# taz.de -- Die Rückkehr des Mittelstürmers: Das Comeback der Kantigen
       
       > Es braucht robuste Spieler wie Romelu Lukaku im Angriff, die nicht
       > unbedingt Tore schießen, aber diese anderen ermöglichen.
       
 (IMG) Bild: Olivier Giroud (rechts) ist einer der Kreativen in Frankreichs Équipe
       
       Zehn Jahre ist es her, als sich einem großen Publikum der Fußball der
       Zukunft zeigte. Diese Revolution ging – heute schwer zu glauben – von
       Russland aus. Im Achtelfinale der EM 2008 spielte das nachsowjetische Team,
       gecoacht vom Niederländer Guus Hiddink, ein astreines 5-5-0-System.
       
       Andrej Arschawin, Roman Pawljutschenko und die anderen rannten die
       bedauernswerten Niederländer in Grund und Boden; die Laufwege der Außen
       schnitten fortwährend diagonal durch die Viererkette des Gegners, bis diese
       tiefe Risse bekam; und gerannt sind sie, als hätte sich der Leibhaftige an
       ihre Fersen geheftet.
       
       Die Abschaffung des Mittelstürmers schien nur noch eine Frage der Zeit. Das
       System der Zukunft würde ein 4-6-0 werden, der Fußball der Zukunft käme
       ohne Stürmer aus. Von diesen Voraussagen ist geblieben: der durch sie
       hindurchging, der Wind. Heuer lief Russland immer noch sehr, sehr viel.
       Aber vorne drin stand Artjom Dsjuba, ackerte und rackerte und rannte und
       brannte und drückte und pflückte die Bälle aus der Luft. Schön war das
       nicht immer, aber leidenschaftlich.
       
       Diese WM hat das Comeback des dreckigen Stürmers gesehen, der dahin geht,
       wo es wehtut, am liebsten dem Gegner. Jeder der Halbfinalisten hat ein
       solches Kampfschwein in der Truppe, und oft standen sie auch im
       Mittelpunkt; [1][Romelu Lukaku hat schon vier Tore gemacht], Harry Kane
       sogar sechs, Mario Mandžukić im Achtelfinale die wichtige Führung gegen
       Dänemark.
       
       Olivier Giroud hingegen hat noch kein Tor gemacht. Tore gelten altbackenen
       Reportern für Stürmer noch immer als Münze. Er selbst wies öfters darauf
       hin, dass er drei mehr oder weniger direkte Torbeteiligungen hatte, als
       wäre das das Entscheidende.

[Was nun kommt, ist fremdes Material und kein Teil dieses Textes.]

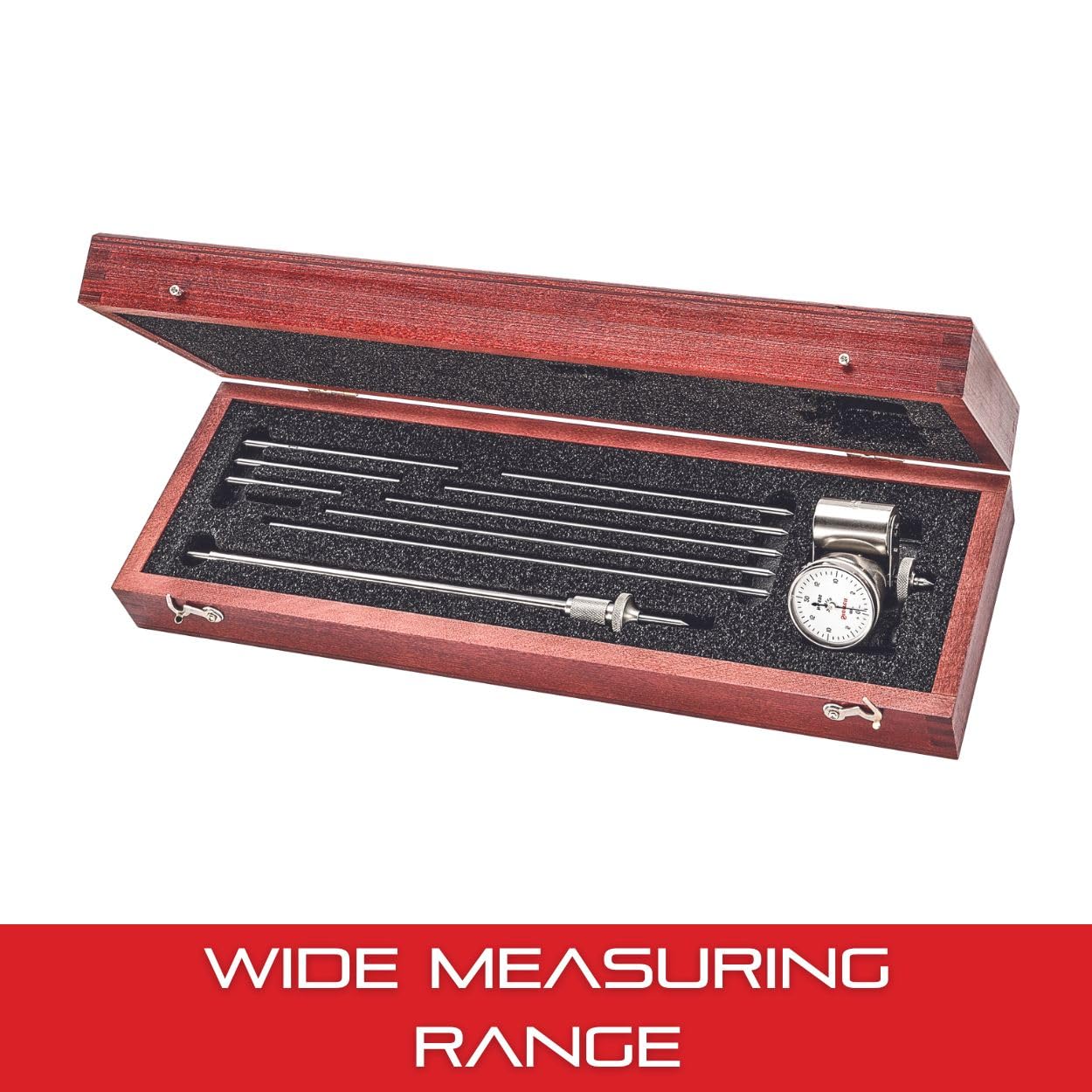 Starrett Crankshaft Distortion Dial or Strain Gage with Balancing Attachment - White Face, 2-3/8" to 18" Range, .001" Graduation, 0-20-0 Dial Reading - 696Z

Das ist es nicht: Giroud bindet die
       Innenverteidiger, damit jene, die besser Fußball spielen als er, etwas Raum
       haben. Er ist ein Ermöglicher, der unspektakuläre Pinsel, den die Farbe
       braucht.
       
       ## Stürmertypen, die fehlen
       
       Das ist eine undankbare Aufgabe, weil sie nicht sehr telegen ist; man sieht
       ihn kaum. Was ihn auszeichnet, ist, dass sich neben ihm die anderen in
       Szene setzen können; das lässt ihn schwächer erscheinen. Entsprechend ist
       er in Frankreich kritisiert worden, zu Unrecht, wie Trainer Didier
       Deschamps klarstellt. „Man sieht, was er bringt, vor allem dann, wenn er
       nicht spielt“, sagte er.
       
       Das zähe Spiel gegen Australien gibt ihm Recht; Giroud saß 70 Minuten auf
       der Bank, und Frankreichs Kreative Antoine Griezmann, Ousmane Dembélé und
       [2][Kylian Mbappé hatten große Probleme, in die Räume zu kommen]. Sie
       standen sich auf den Füßen; es war, als bräuchten sie einen
       Orientierungspunkt. Im zweiten Spiel brachte Deschamps dann Giroud als
       Zaunpfahl, es lief besser, und gegen Argentinien und Uruguay hat er dann
       sagenhaft intensive Spiele abgeliefert.
       
       Es gibt natürlich einen qualitativen Unterschied zwischen Lukaku und Kane
       einerseits und Mandžukić und Giroud andererseits. Erstere sind die
       begnadeteren Spieler, sie sind auf eine Rolle nicht festgelegt. Aber sie
       können diese Rolle – den Vierer im Sturm zu geben – ausfüllen, wenn nötig.
       Deutschland hat ein solcher Spieler gefehlt; Sandro Wagner hätte die Rolle
       der Genannten übernehmen können.
       
       Es gibt diese Stürmertypen auch im Nachwuchs nicht, das ist die schlechte
       Nachricht für den DFB. Die gute ist: Moden vergehen. Was vor zehn Jahren
       als taktischer Weisheit letzter Fingerzeig galt, ist heute schon vergessen.